The task –
Images are not part of the copy; write out the rest of the data exactly as given.

Information provided –
= = =

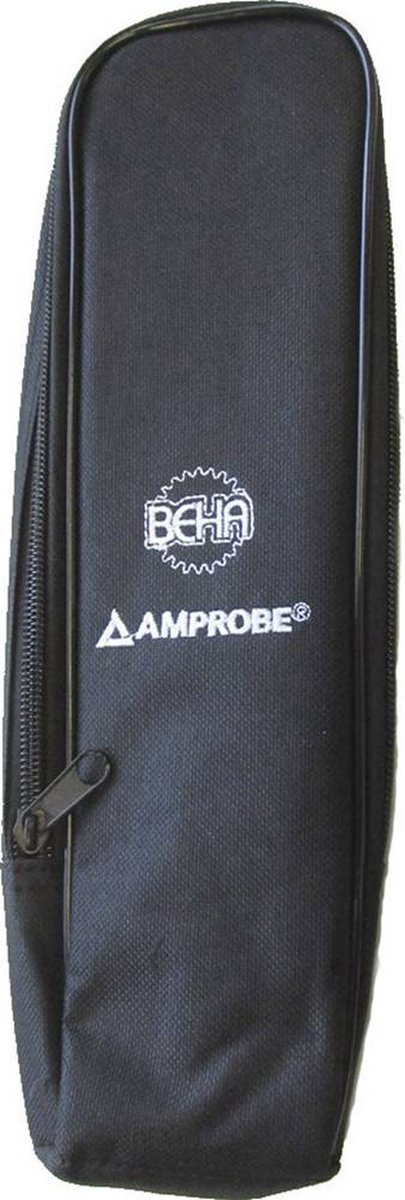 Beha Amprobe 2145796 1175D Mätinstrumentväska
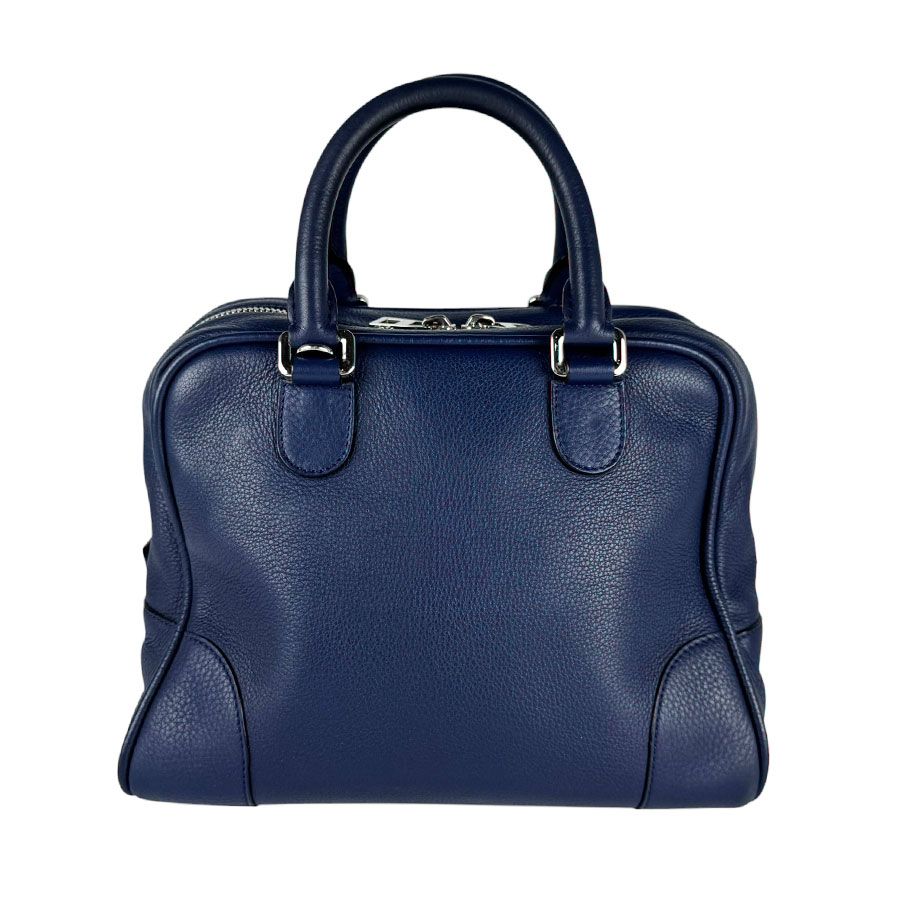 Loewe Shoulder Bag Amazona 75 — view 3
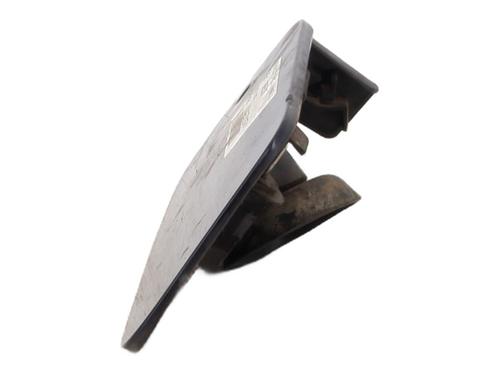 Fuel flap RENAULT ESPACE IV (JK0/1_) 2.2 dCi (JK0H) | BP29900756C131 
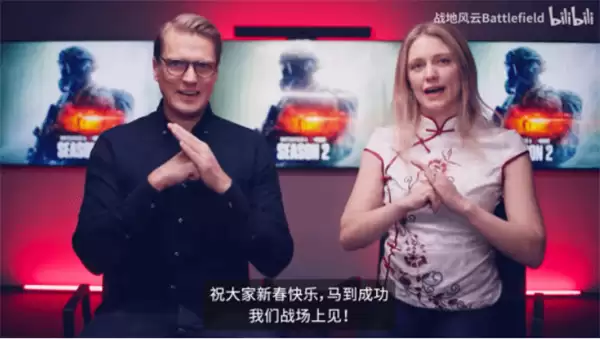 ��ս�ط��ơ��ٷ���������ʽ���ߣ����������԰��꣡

= = =

The answer –
 Beha Amprobe 2145796 1175D Mätinstrumentväska
 Loewe Shoulder Bag Amazona 75 — view 3
 Fuel flap RENAULT ESPACE IV (JK0/1_) 2.2 dCi (JK0H) | BP29900756C131 
 ��ս�ط��ơ��ٷ���������ʽ���ߣ����������԰��꣡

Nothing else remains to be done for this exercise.